Natural history and epiphany: Elizabeth Bishop's Darwin Letter

Twentieth Century Literature, Fall, 2004 by Zachariah Pickard

Insofar as modernism sought an aesthetics of clarity and precision, of stripped-down objectivity, the scientist made an attractive emblem. The "poet and the scientist," Marianne Moore suggests, "work analogously":

     Both are willing to waste effort. To be hard on himself is one of
     the main strengths of each. Each is attentive to clues, each must
     narrow the choice, must strive for precision. (30)

The characterization of "the poet" as one who is objective ("hard on himself"), eliminates clutter ("narrow[s] the choice"), and "strive[s] for precision" reveals a number of modernist preoccupations. Ezra Pound similarly recommends "the way of the scientists rather than the way of an advertising agent for a new soap" (Literary 6) and labels his ideogrammatic method "THE METHOD OF SCIENCE" (ABC 26). Most famously, perhaps, T.S. Eliot unites tenor and vehicle when, in order to show that only through "depersonalization" can art "be said to approach to the condition of science," he likens the mind of the poet to "a bit of finely filiated platinum" (40). Eliot's rhetoric here takes it as given that art should approach the condition of science, and his argument about the relationship between tradition and the individual talent is implicitly based on familiar ideas about how scientific work is done. In Pound's words,

     there are simple procedures, and there are known discoveries,
     clearly marked [... and] in each age one or two men of genius find
     something and express it. (Literary 19)

One builds, that is, on the work of one's predecessors, thus contributing to a larger project. According to Pound, the individual talent can contribute by "find[ing]" something; for Eliot it does so by introducing "the new (the really new) work of art" into the field (38). Behind much of the high-modernist rhetoric about the project of poetry lies a set of ideas and notions about the experimentalist sciences.

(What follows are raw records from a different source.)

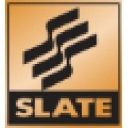 Slate Marketing, Inc. logo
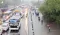 Delhi Deluge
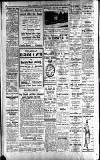 Lisburn Standard Friday 23 March 1923 Page 4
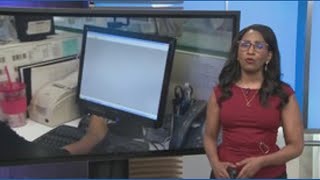More Americans feeling financial strain, new survey finds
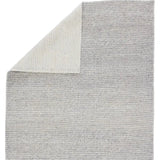 Rebecca Rug - Gray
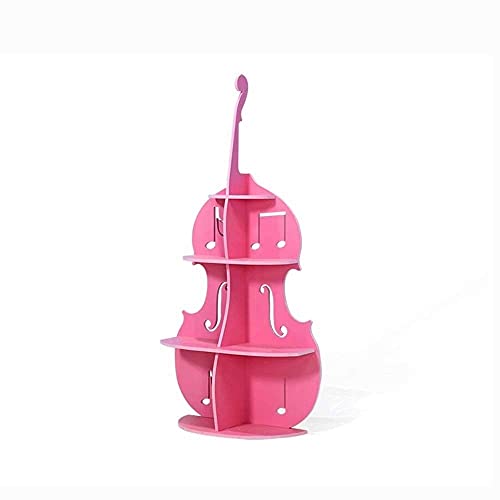 LLLY Los Estudiantes reciben Escritorio improvisado Escritorio de Escritorio Lugar distinto Personas contrajeron el Espacio Provincia Estantería Estantería pequeña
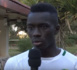 Idrissa Gana Guéye: "Nous sommes dans de bonnes conditions pour préparer les matchs contre le Rwanda et Brundi"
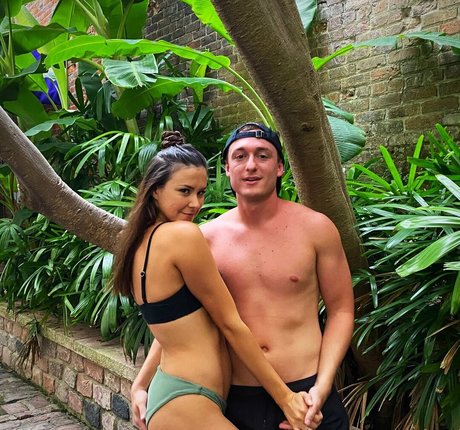 livvnthedream top model archive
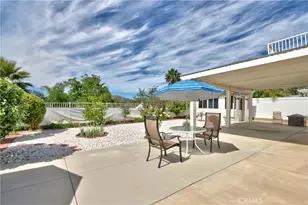 44929 Camino Alamosa, Temecula, CA 92592 - Photo 44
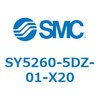56804422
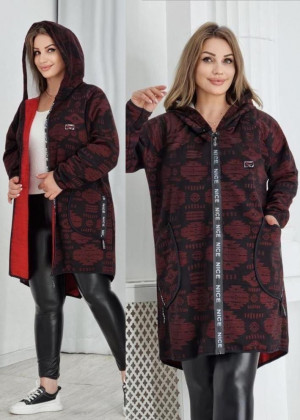 Кардиган 159641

But as Charles Altieri points out, the modernists are not entirely comfortable with some of the implications of the scientific metaphor:

     However liberating science's version of impersonal dehumanization
     might prove, [modernist] artists almost always had to restore some
     aspects of the romantic values they were ostensively denying, as in
     Eliot's claim that only those who knew what it meant to suffer from
     personality would appreciate the impersonality he was calling for.
     (77)

Hence too Pound's recursion to "men of genius." This reluctance to commit fully to impersonality is not an obstacle for everyone, though. Across the channel, Andre Breton, the founder of surrealism, picks up some of Eliot's terms in his own argument about the extinction of personality, telling his reader that one might as well speak "du talent de ce metre en platine" (39) ("of this platinum ruler's talent") as of the artist's talent. Whether or not Breton is consciously invoking Eliot as an authority, the two of them fit into a useful narrative of literary depersonalization: modernism publicly endorses a scientific, depersonalized notion of poetry as a project while secretly harboring certain misgivings; feeling none of modernism's doubt, surrealism picks up on the scientific language and declares that its recherches will eliminate personality in favor of the unconscious; and, more recently, some postmodern poets have celebrated the eradication of personality for its own sake. Christian Bok, for instance, Canada's postmodern enfant terrible, writes enthusiastically that The Policeman's Beard Is Half Constructed, a book made up of random phrases generated by a computer program, is "not so much a book of surreal poems as it is an obit for classic poets" that "confounds the very idea of authorship, refuting the privileged uniqueness of poetic genius" by proving that "the involvement of an author in the production of literature has henceforth become discretionary." Where the surrealists and modernists believe in setting the self aside in favor of something greater (the unconscious, precision, tradition), it is the setting aside itself that so pleases Bok.